Qui a(ura) raison ? En réalité, je ne le sais pas (et je ne suis pas le seul car dans une étude réalisée par Pew Research Center, 52% des près de 2.000 spécialistes interrogés estimaient que les créations d’emplois induites par les nouvelles technologies l’emporteraient sur les destructions, alors que 48% soutenaient le contraire). Mais parce que je suis d’accord avec moi-même, je continue de penser que dans un horizon prévisible, les innovations technologiques en cours ne devraient pas précipiter la fin du travail ni le chômage de masse.

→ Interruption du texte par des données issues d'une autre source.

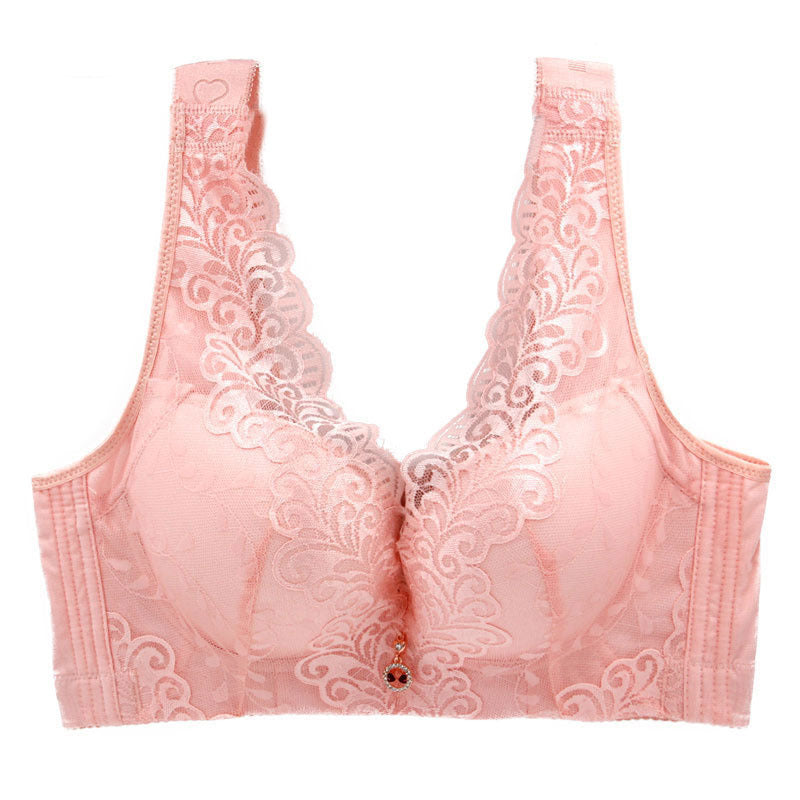 Oversized Bra Centerless Underwire Bra Wide Strap Adjuster Thin Large Cup Bra Ooho
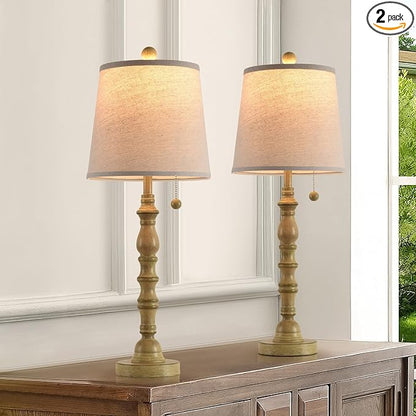 Terpsichore Lamps for Living Room Modern Farmhouse Table Lamp Bedside Reading Lamps Set of 2 Night Stands Bedroom Night Lamp,with Fabric Lamp Shade (Sepia, High 26.25 Inch)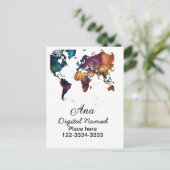 Carte Postale Plan du monde ajouter votre nom texte place téléph (Debout devant)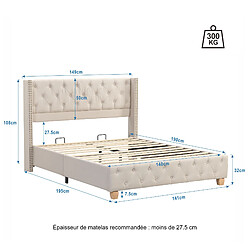 Avis Lit Double capitonné Modenvie 140x190 cm en lin beige avec rivets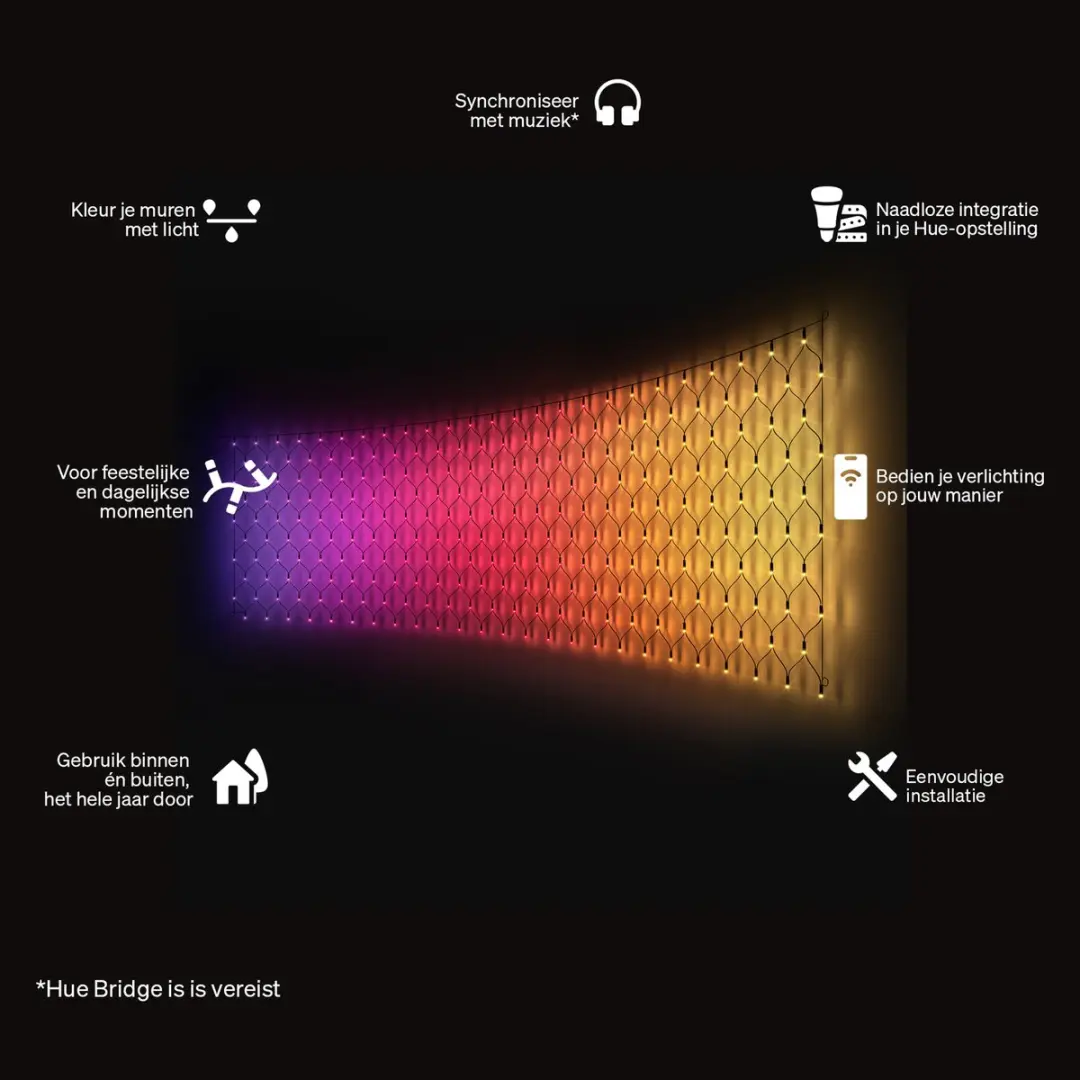 Philips Hue Festavia LED Netverlichting 3.45x1m - Multicolor - afbeelding 2 van 6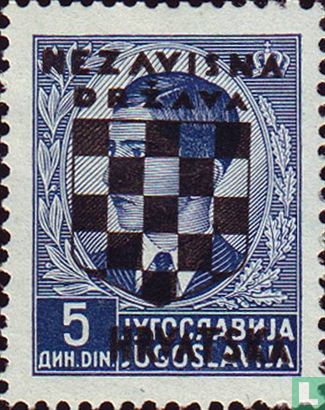 Yugoslavian stamps overprinted with shield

Quatre éléments permettent de soutenir cette position :

L’UE a créé en net plus de 7 millions d’emploi depuis 2013 alors que partout en Europe on parlait de fin du travail, de menace de robotariat, voire de nécessité d’instaurer un revenu de base ;
A côté de la faiblesse de la demande, les entreprises avancent la difficulté de trouver des salariés (avec les bonnes qualifications) comme principal obstacle à leur développement (le taux d’emploi vacant en Europe est à son plus haut niveau depuis 2007) ;
Les plateformes de travail à la tâche (ou travail à la demande)[2] n’emploient que 1% de la population active aux USA, et 0,05% au sein de l’UE.
L’utilisation de robots industriels ne semble pas avoir d’incidence directe sur l’emploi au niveau des entreprises, et la corrélation entre taux de robotisation et croissance économique aurait doublé entre 1995 et 2015.
Il est par conséquent permis de se demander compte tenu de la dynamique (positive) de l’emploi en Europe, de la plus grande sensibilité de l’emploi au PIB (comme en témoigne la faiblesse des gains de productivité), et du poids somme toute insignifiant du travail à la demande, pourquoi la fin du travail est-elle (re)devenue un point focal et d’inquiétude ? Une partie de la réponse se trouve sans doute dans la capacité humaine à (aimer) se faire peur – ce qui explique que nous nous rendons dans des salles de cinéma voir des films d’horreur. Et pourtant, d’autres chocs bien réels (démographiques, climatiques, énergétiques, sociaux, politiques) nous menacent davantage que l’hypothétique fin du travail…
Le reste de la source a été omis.